DATA SEGMENT Start Marker

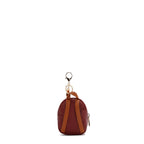 Llavero Nicole Lee Monedero Mochila Dream Comes True FW25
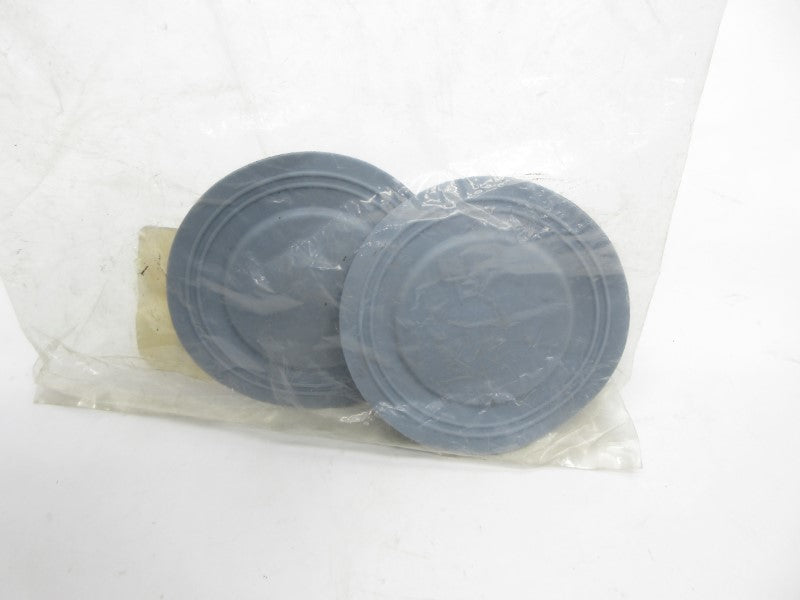 PULSAFEEDER L0301400-THY (PKG OF 2) NSMP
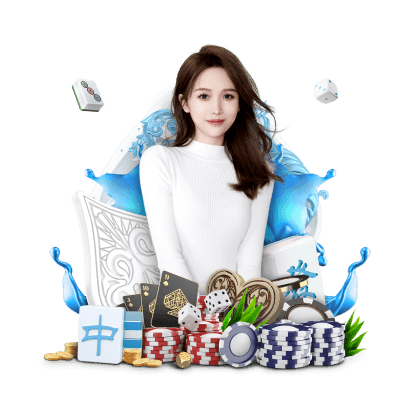 NBA第一铁人！布里奇斯24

DATA SEGMENT End Marker

(WHAT NEEDS TO BE DONE):
An exact copy of the material above is required, free of any pictures.

(SOLVED EXERCISE):
 Llavero Nicole Lee Monedero Mochila Dream Comes True FW25
 PULSAFEEDER L0301400-THY (PKG OF 2) NSMP
 NBA第一铁人！布里奇斯24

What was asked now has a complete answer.